◆ Task to complete ◆
Though the records contain pictures, copy none of them; repeat exactly the lines from the one with "Silentnight Anti-Allergy 10.5" to the end.

(Records from a data source)
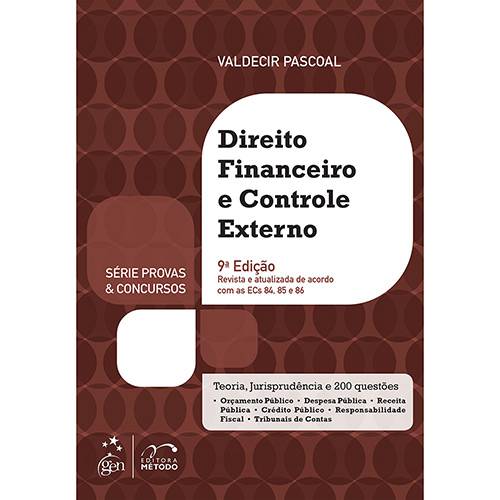 Livro - Série Provas & Concursos: Direito Financeiro e Controle Externo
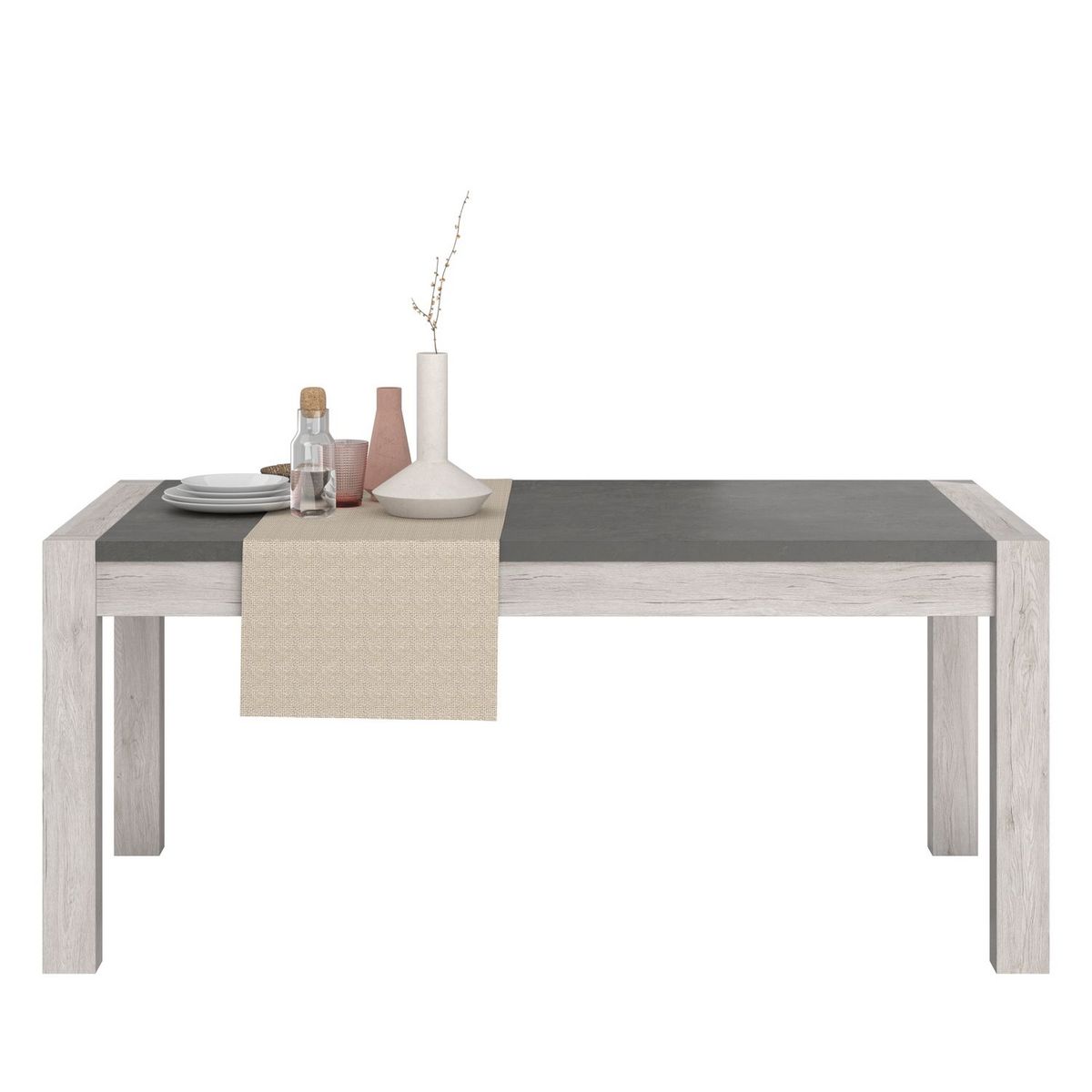 Table de séjour salle à manger fixe L180cm MEL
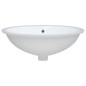 vidaXL Waschbecken Weiß 56x41x20 cm Oval Keramik vidaXL Waschbecken Weiß 56x41x20 cm Oval Keramik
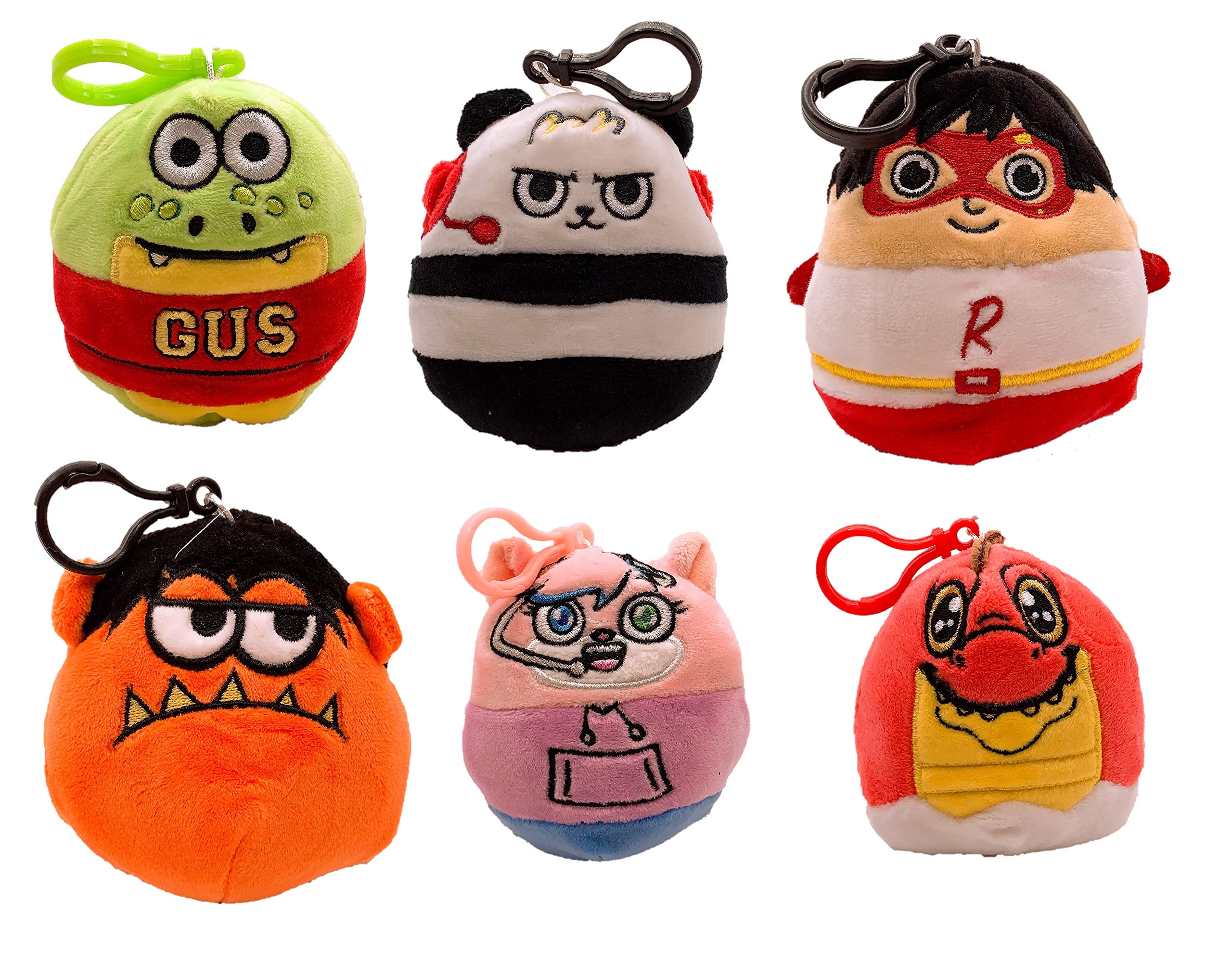 Squishmallow Kellytoy 2020 Set of 6 Mini 3.5" Ryans World Collection Plush Toy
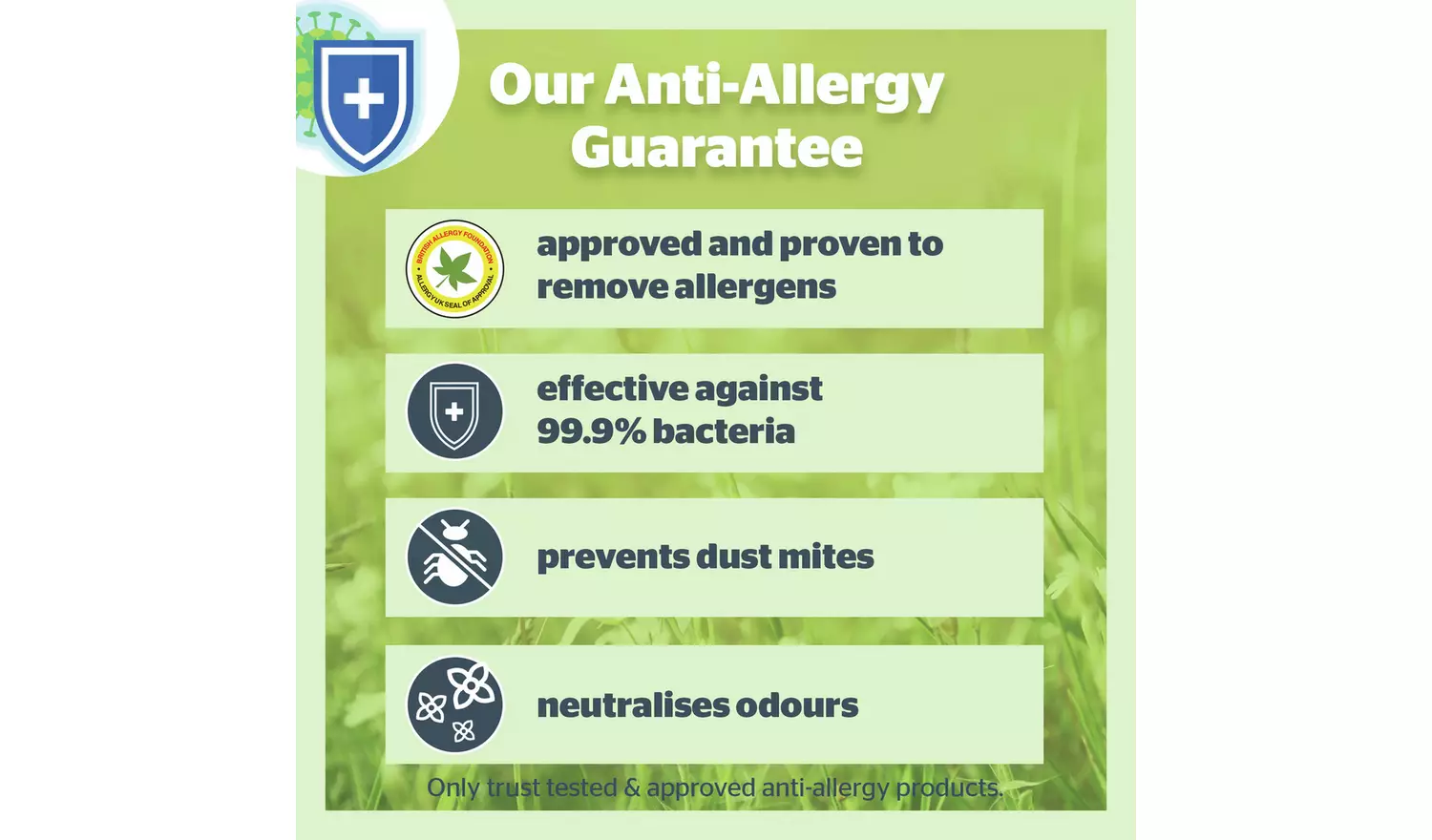 Silentnight Anti-Allergy 10.5 Tog Duvet - Double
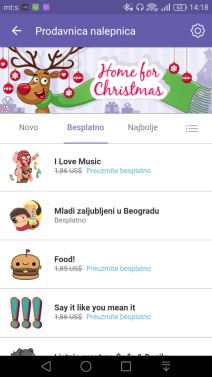 Viber aplikacija 6.5.5 Instant video i Chat Extensions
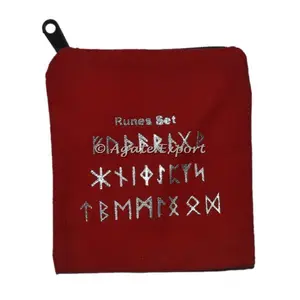 ถุงกำมะหยี่รูนสีแดงถุงกำมะหยี่พิมพ์เองและกระเป๋า - Product Image 1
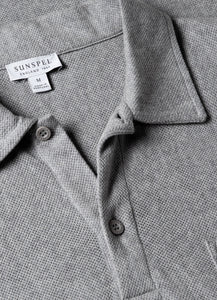 Riviera Polo Shirt in Grey Melange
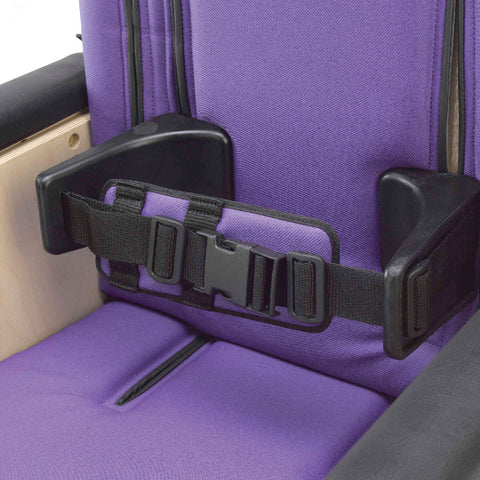 Smirthwaite molded pelvic support on a purple Hardrock seat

◆ Solution ◆
 Silentnight Anti-Allergy 10.5 Tog Duvet - Double
 Viber aplikacija 6.5.5 Instant video i Chat Extensions
 ถุงกำมะหยี่รูนสีแดงถุงกำมะหยี่พิมพ์เองและกระเป๋า - Product Image 1
 Riviera Polo Shirt in Grey Melange
 Smirthwaite molded pelvic support on a purple Hardrock seat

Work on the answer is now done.